Managing External Forces

Tutorial Contents

Importance of Economic Conditions

For many marketers there is a relationship between level of sales and how customers are doing financially.  For most products this relationship is a direct one – as customers’ financial condition improves so will selling opportunities for the marketer.  A clear example of this can be seen with the sale of luxury products where marketers are likely to see their sales improve as the target market’s economic condition improves.  However, other products may see improvement as economic conditions decline.  For instance, marketers of business certification programs (e.g., financial planning, quality management) or career preparation services (e.g., resume development help) may see increased interest in their programs during weak economic conditions as those who are unemployed or concerned about job stability seek additional credentials to make them more marketable to potential employers.

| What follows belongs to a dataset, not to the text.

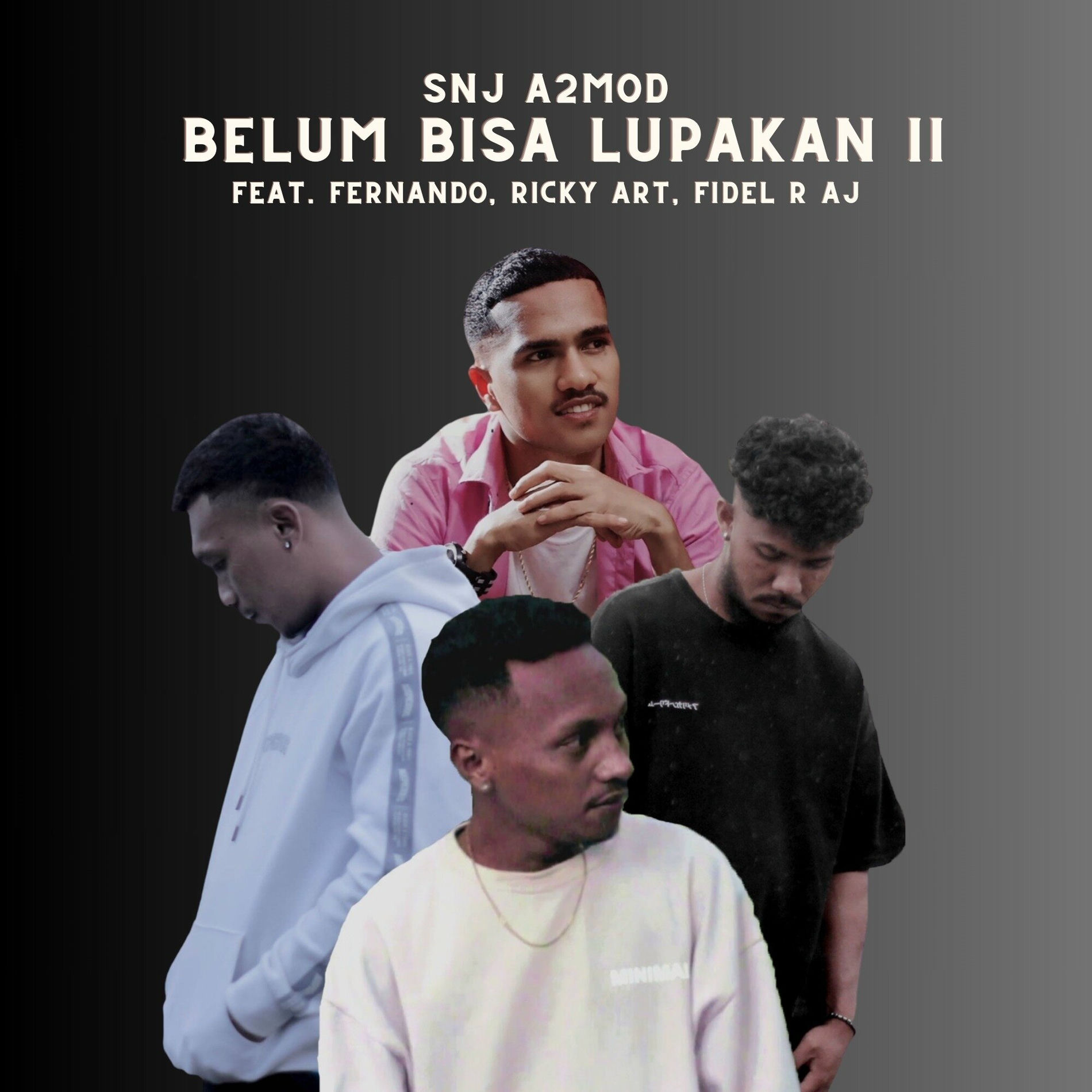 Album cover of Belum Bisa Lupakan Ii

Whether an organization benefits from improving or declining economic conditions, it is important it monitors changes occurring in the economy in which the organization’s target markets are located.  In particular, marketers should watch for changing patterns in customer spending which may indicate that a longer term change in the economy is occurring.  Changes that extend over a long term (six months or longer) may be part of the business cycle of an economy. 

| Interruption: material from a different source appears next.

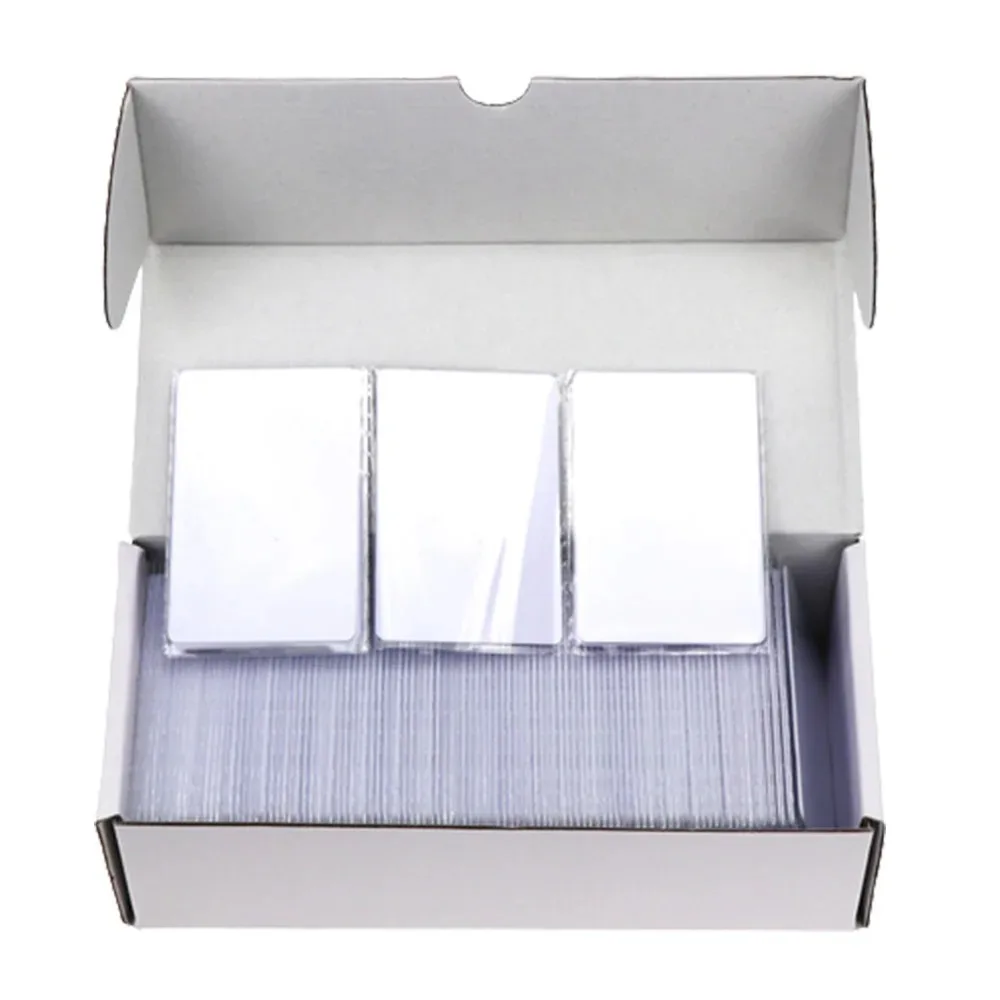 10/20PCS UID Smart Chip Card 13.56Mhz Clone Token 1K S50 Chiave riscrivibile NFC Tag modificabile Gen1 ISO14443 Clone Card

A business cycle is presented as a series of up (economic expansions) and down (economic contractions) measures.  During expansion an economy grows and this generally leads to more jobs, higher income and increased customer spending.  However, an economy growing too quickly can present problems of inflation where product prices grow too fast.  In this situation, even though customers have higher incomes, they may not be purchasing more since product prices have increased.  Such situations are a main reason an economy will contract or see customer spending decrease.  If severe this can lead to marketers seeing a major reduction in sales which may indicate the presence of an economic recession (i.e., economic decline).